* [Instructions for the task]
From the line containing "this 200×138 image." through the end of the material below, output each line exactly as written, with pictures excluded.

Records provided section start

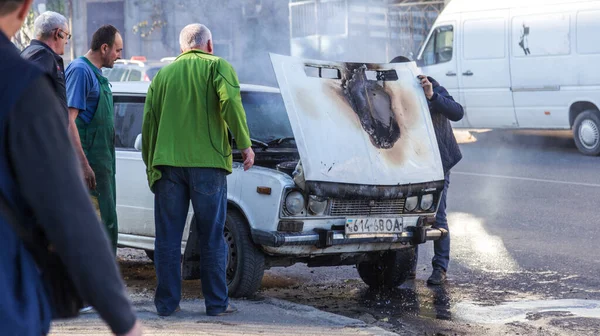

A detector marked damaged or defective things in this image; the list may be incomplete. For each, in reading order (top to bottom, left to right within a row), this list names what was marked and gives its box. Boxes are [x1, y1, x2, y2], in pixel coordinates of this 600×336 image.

burned white car [112, 53, 446, 298]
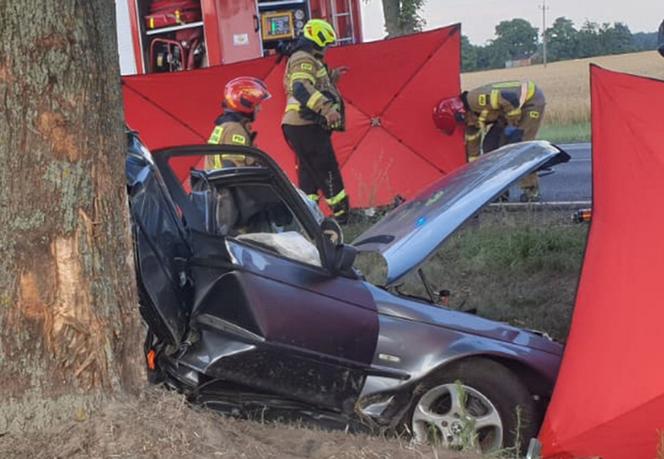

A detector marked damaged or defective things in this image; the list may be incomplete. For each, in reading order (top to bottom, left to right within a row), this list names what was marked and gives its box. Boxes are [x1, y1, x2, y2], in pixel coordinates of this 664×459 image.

severely damaged car [126, 132, 572, 452]
bent car frame [126, 132, 572, 452]
crashed bmw [126, 131, 572, 454]
crumpled hood [352, 140, 572, 286]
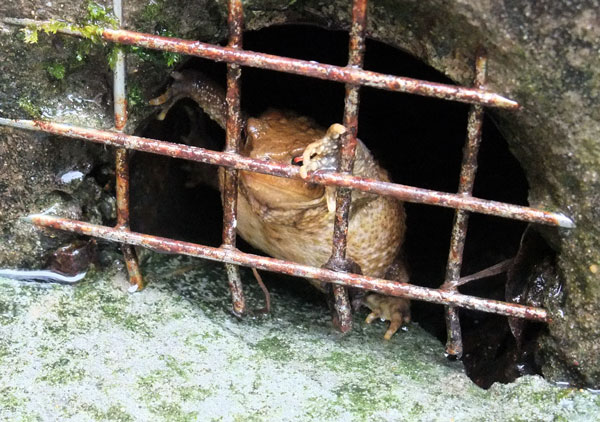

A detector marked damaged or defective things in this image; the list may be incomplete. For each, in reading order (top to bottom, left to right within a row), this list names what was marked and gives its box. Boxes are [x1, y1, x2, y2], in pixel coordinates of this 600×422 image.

rusty metal bar [111, 0, 143, 290]
rusted rebar [111, 0, 143, 290]
rusted rebar [218, 0, 246, 316]
rusty metal bar [220, 0, 246, 316]
rust on metal [220, 0, 246, 316]
rusty metal bar [2, 17, 516, 109]
rusted rebar [2, 17, 516, 109]
rust on metal [2, 18, 520, 110]
rusty metal bar [0, 117, 576, 229]
rusted rebar [0, 117, 576, 229]
rust on metal [0, 117, 576, 229]
rusted rebar [25, 214, 552, 324]
rusty metal bar [27, 216, 552, 322]
rust on metal [27, 214, 552, 324]
rusty metal bar [326, 0, 368, 332]
rusted rebar [326, 0, 368, 334]
rust on metal [328, 0, 370, 334]
rusty metal bar [440, 51, 488, 358]
rust on metal [440, 51, 488, 358]
rusted rebar [440, 51, 488, 358]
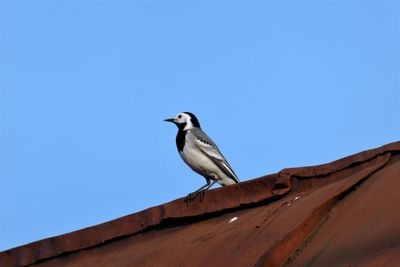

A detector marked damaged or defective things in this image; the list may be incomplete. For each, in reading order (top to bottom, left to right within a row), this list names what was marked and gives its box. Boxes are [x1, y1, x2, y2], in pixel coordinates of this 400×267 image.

rusty metal roof [0, 141, 400, 266]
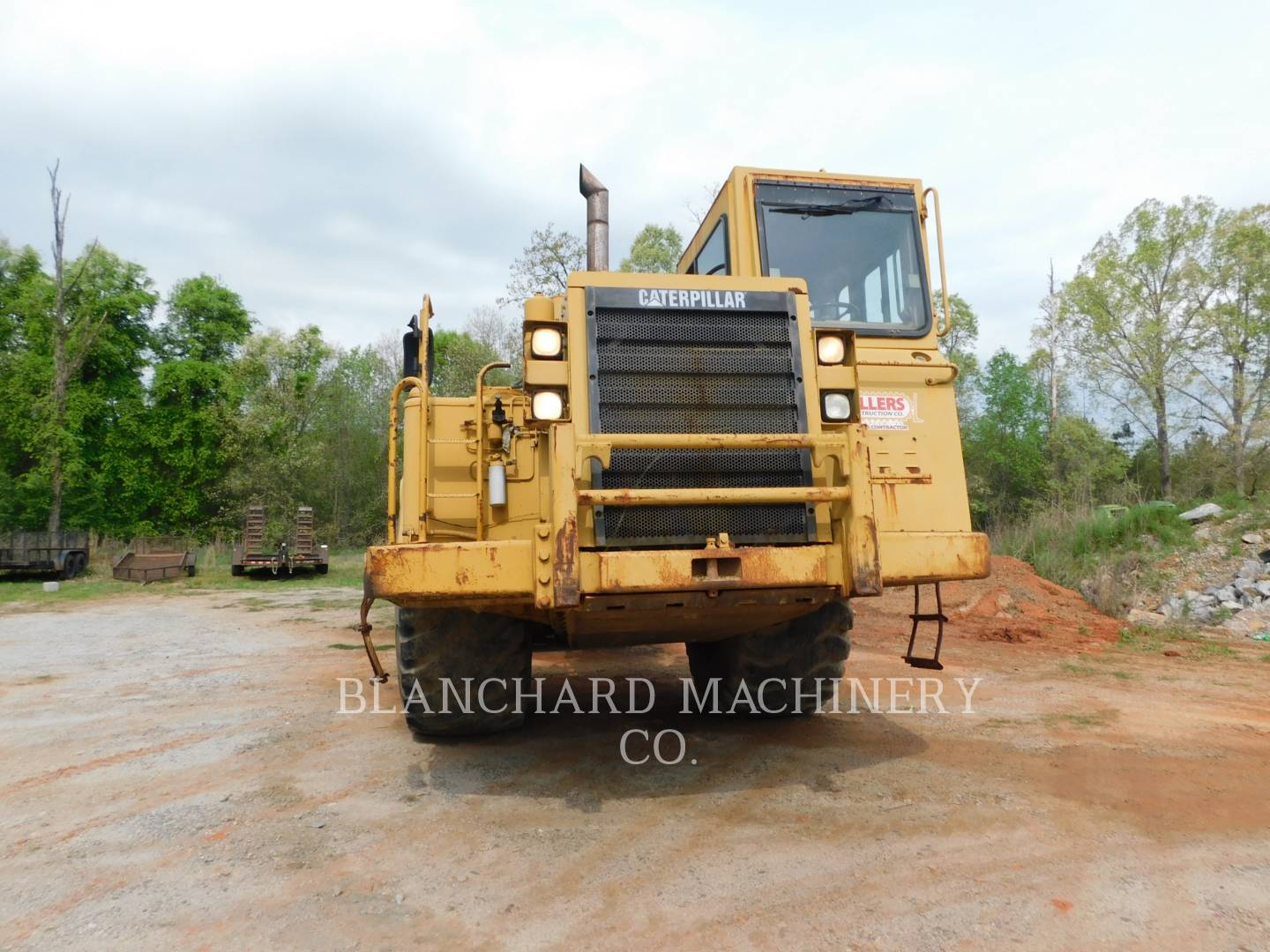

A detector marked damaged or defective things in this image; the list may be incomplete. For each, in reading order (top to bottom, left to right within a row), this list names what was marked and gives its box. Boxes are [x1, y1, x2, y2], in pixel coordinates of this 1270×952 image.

rust stain on metal [550, 517, 581, 606]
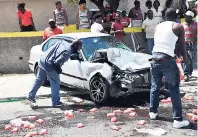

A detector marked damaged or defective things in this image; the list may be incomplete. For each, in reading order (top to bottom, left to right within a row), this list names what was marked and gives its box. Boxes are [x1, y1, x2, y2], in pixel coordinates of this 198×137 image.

white damaged car [28, 32, 159, 104]
shattered windshield [79, 35, 132, 60]
crumpled car hood [106, 48, 152, 70]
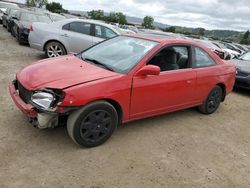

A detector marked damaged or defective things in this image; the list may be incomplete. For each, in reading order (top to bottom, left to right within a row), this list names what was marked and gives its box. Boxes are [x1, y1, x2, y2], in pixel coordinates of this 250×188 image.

dented hood [16, 54, 120, 90]
cracked headlight [30, 91, 55, 110]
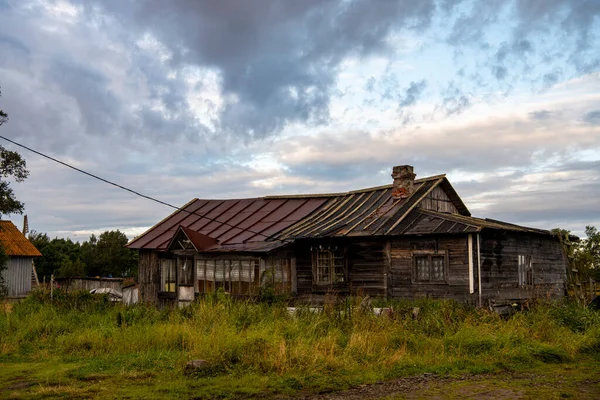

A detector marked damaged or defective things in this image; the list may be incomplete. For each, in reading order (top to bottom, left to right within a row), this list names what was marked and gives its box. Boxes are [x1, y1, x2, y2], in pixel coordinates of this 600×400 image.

rusty metal roof [0, 220, 42, 258]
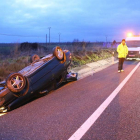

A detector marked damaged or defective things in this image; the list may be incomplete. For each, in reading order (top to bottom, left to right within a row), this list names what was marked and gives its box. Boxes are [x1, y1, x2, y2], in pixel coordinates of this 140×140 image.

overturned car [0, 47, 77, 112]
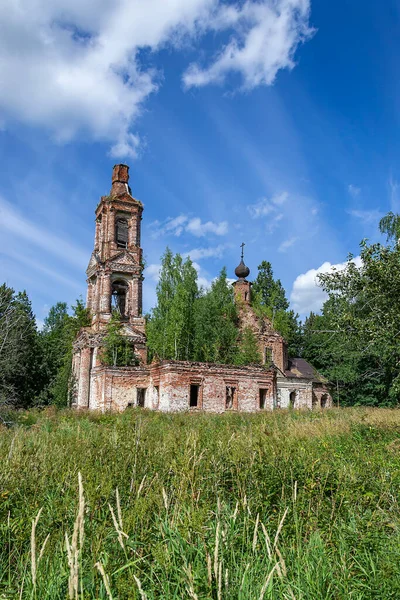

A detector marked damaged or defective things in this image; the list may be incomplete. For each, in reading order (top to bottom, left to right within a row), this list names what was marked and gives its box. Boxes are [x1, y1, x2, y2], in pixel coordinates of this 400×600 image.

broken window opening [111, 280, 129, 318]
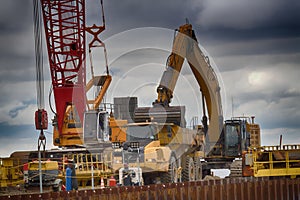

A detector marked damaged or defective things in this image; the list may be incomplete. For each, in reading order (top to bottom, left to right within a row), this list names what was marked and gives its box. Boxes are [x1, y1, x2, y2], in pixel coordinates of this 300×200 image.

rusty steel sheet [0, 177, 300, 199]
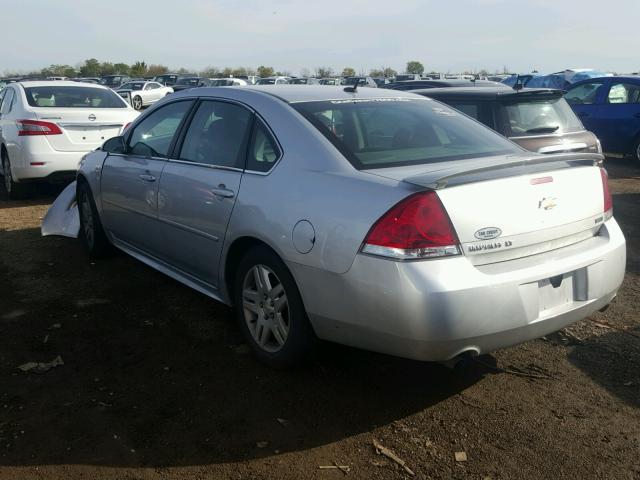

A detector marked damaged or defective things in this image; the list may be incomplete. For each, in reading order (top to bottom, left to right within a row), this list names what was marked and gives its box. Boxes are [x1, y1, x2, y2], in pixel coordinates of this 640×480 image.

white detached bumper piece [40, 180, 80, 238]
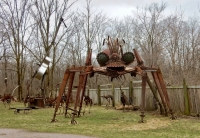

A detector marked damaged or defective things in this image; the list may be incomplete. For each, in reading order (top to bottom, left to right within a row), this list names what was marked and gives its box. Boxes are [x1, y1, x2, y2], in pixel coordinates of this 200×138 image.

rusted metal sculpture [51, 35, 175, 124]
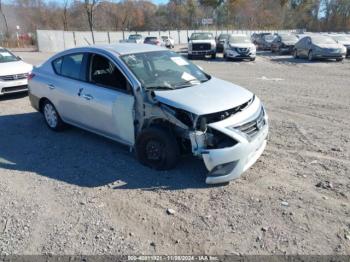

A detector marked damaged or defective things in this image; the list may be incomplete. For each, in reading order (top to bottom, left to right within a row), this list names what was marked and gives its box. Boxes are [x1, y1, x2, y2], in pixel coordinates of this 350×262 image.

crumpled hood [0, 59, 32, 75]
crumpled hood [154, 77, 253, 115]
damaged bumper [197, 98, 268, 184]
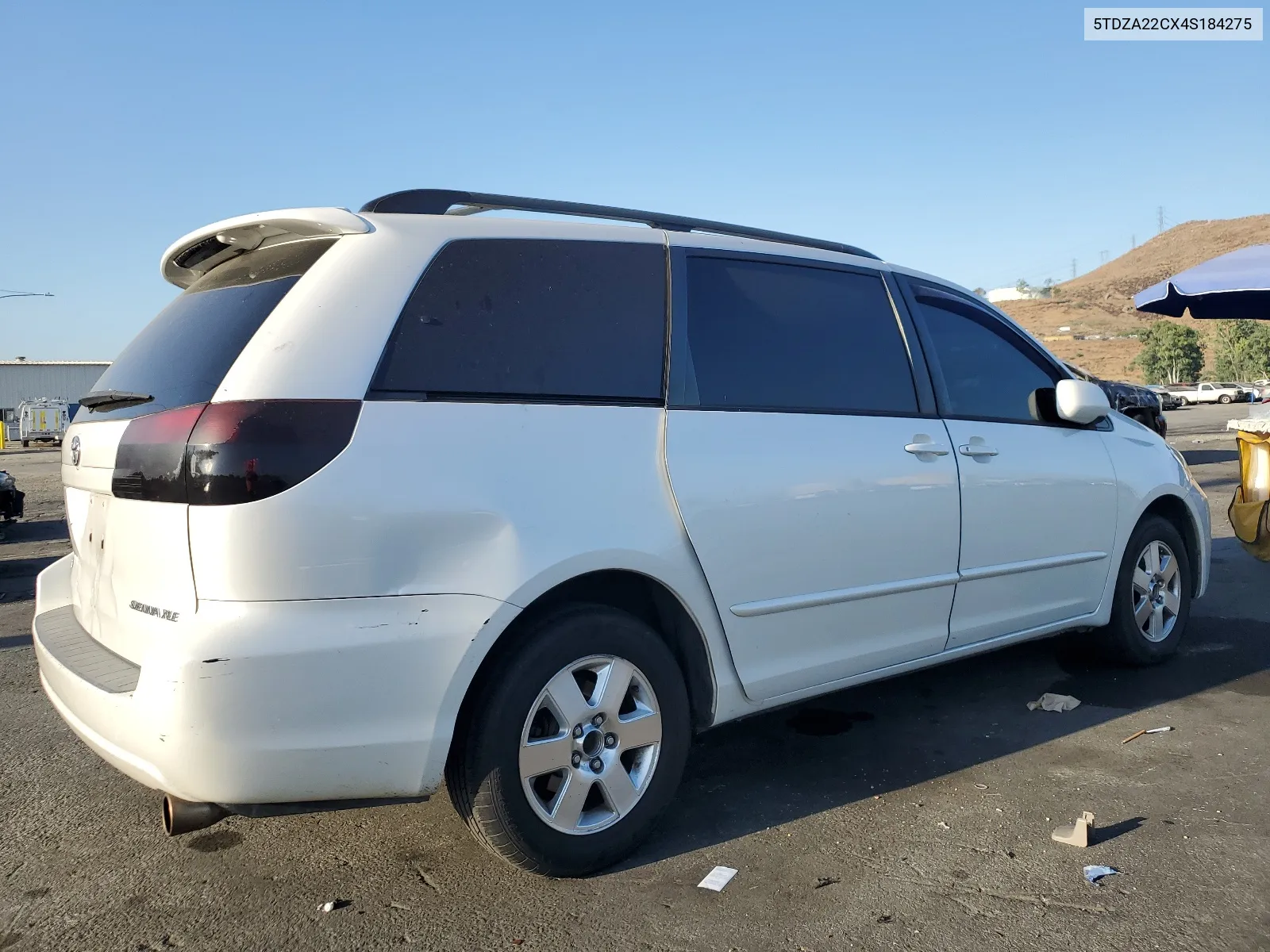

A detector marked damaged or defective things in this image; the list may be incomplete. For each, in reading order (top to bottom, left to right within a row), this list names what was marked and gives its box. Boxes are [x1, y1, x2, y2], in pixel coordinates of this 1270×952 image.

Records provided section end

* [Written answer]
A detector marked damaged or defective things in this image; the list may be incomplete. For each, in reading order (top to bottom, left to right within a row), this list names what was marked and gives its box. Boxes are [x1, y1, x2, y2], in pixel coordinates of this 200×138 image.

rusted metal sculpture [51, 35, 175, 124]

A detector marked damaged or defective things in this image; the list may be incomplete. For each, in reading order (top to bottom, left to right within a row), this list names what was marked and gives its box. Boxes are [x1, y1, x2, y2], in pixel coordinates of this 350×262 image.

crumpled hood [0, 59, 32, 75]
crumpled hood [154, 77, 253, 115]
damaged bumper [197, 98, 268, 184]

A detector marked damaged or defective things in this image; the list may be incomplete. For each, in reading order (top to bottom, left to right within a row), this list names what was marked and gives its box. Boxes are [x1, y1, x2, y2], in pixel coordinates of this 1270×952 image.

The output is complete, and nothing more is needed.